A solution could be something like counting the level of recursion (with the counter set to 0 from the explicitly USE'd sequence), and exit with an error if the depth of sub-sequencing becomes greater than some arbitrary assumed-safe limit.

In general I try to always report/fix segfaults, even when caused by "malicious" user input, since they can often also be triggered in other ways that are not as easy to debug, and since they may not even cause the program to crash but can cause slightly but significantly incorrect output.
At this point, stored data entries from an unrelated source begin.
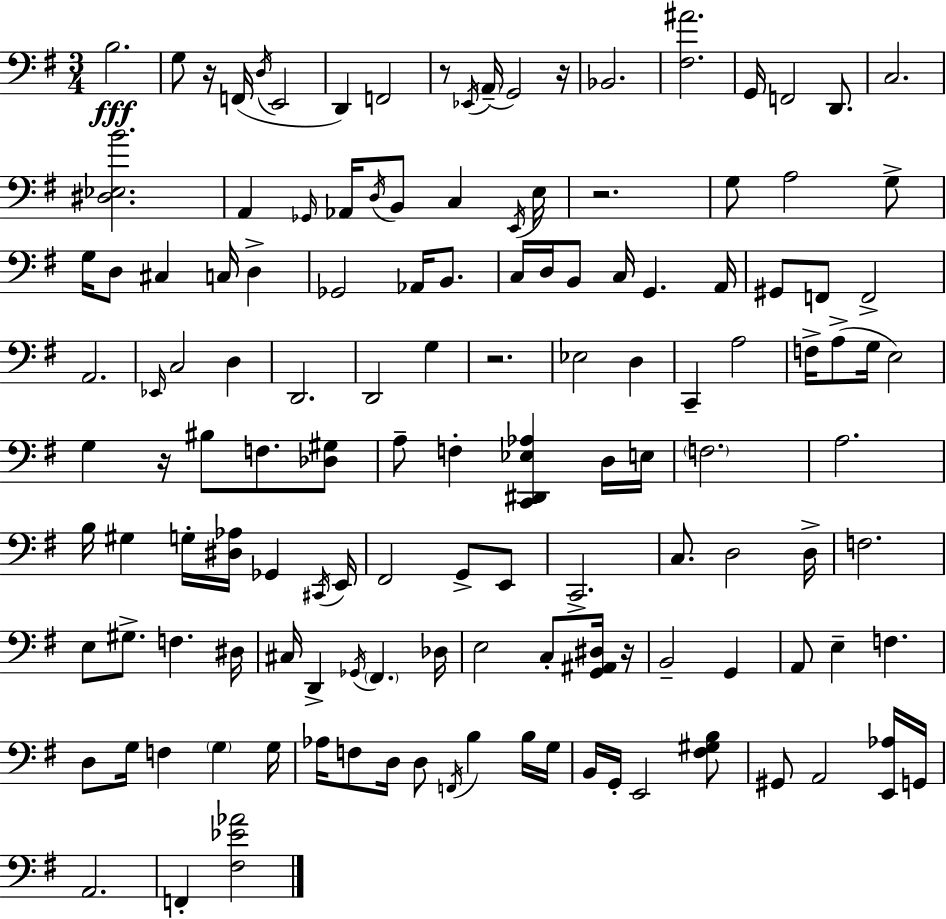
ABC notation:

X:1
T:Untitled
M:3/4
L:1/4
K:G
B,2 G,/2 z/4 F,,/4 D,/4 E,,2 D,, F,,2 z/2 _E,,/4 A,,/4 G,,2 z/4 _B,,2 [^F,^A]2 G,,/4 F,,2 D,,/2 C,2 [^D,_E,B]2 A,, _G,,/4 _A,,/4 D,/4 B,,/2 C, E,,/4 E,/4 z2 G,/2 A,2 G,/2 G,/4 D,/2 ^C, C,/4 D, _G,,2 _A,,/4 B,,/2 C,/4 D,/4 B,,/2 C,/4 G,, A,,/4 ^G,,/2 F,,/2 F,,2 A,,2 _E,,/4 C,2 D, D,,2 D,,2 G, z2 _E,2 D, C,, A,2 F,/4 A,/2 G,/4 E,2 G, z/4 ^B,/2 F,/2 [_D,^G,]/2 A,/2 F, [C,,^D,,_E,_A,] D,/4 E,/4 F,2 A,2 B,/4 ^G, G,/4 [^D,_A,]/4 _G,, ^C,,/4 E,,/4 ^F,,2 G,,/2 E,,/2 C,,2 C,/2 D,2 D,/4 F,2 E,/2 ^G,/2 F, ^D,/4 ^C,/4 D,, _G,,/4 ^F,, _D,/4 E,2 C,/2 [G,,^A,,^D,]/4 z/4 B,,2 G,, A,,/2 E, F, D,/2 G,/4 F, G, G,/4 _A,/4 F,/2 D,/4 D,/2 F,,/4 B, B,/4 G,/4 B,,/4 G,,/4 E,,2 [^F,^G,B,]/2 ^G,,/2 A,,2 [E,,_A,]/4 G,,/4 A,,2 F,, [^F,_E_A]2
It's not so easy to know if a given sefault is one that could cause something like this without actually diagnosing it - and the diagnosis is usually most of the work of the fix so even if it's a "safe" segfault (like this one seems to be) its better to just fix it than to leave it to be discovered and re-diagnosed at a later point in time.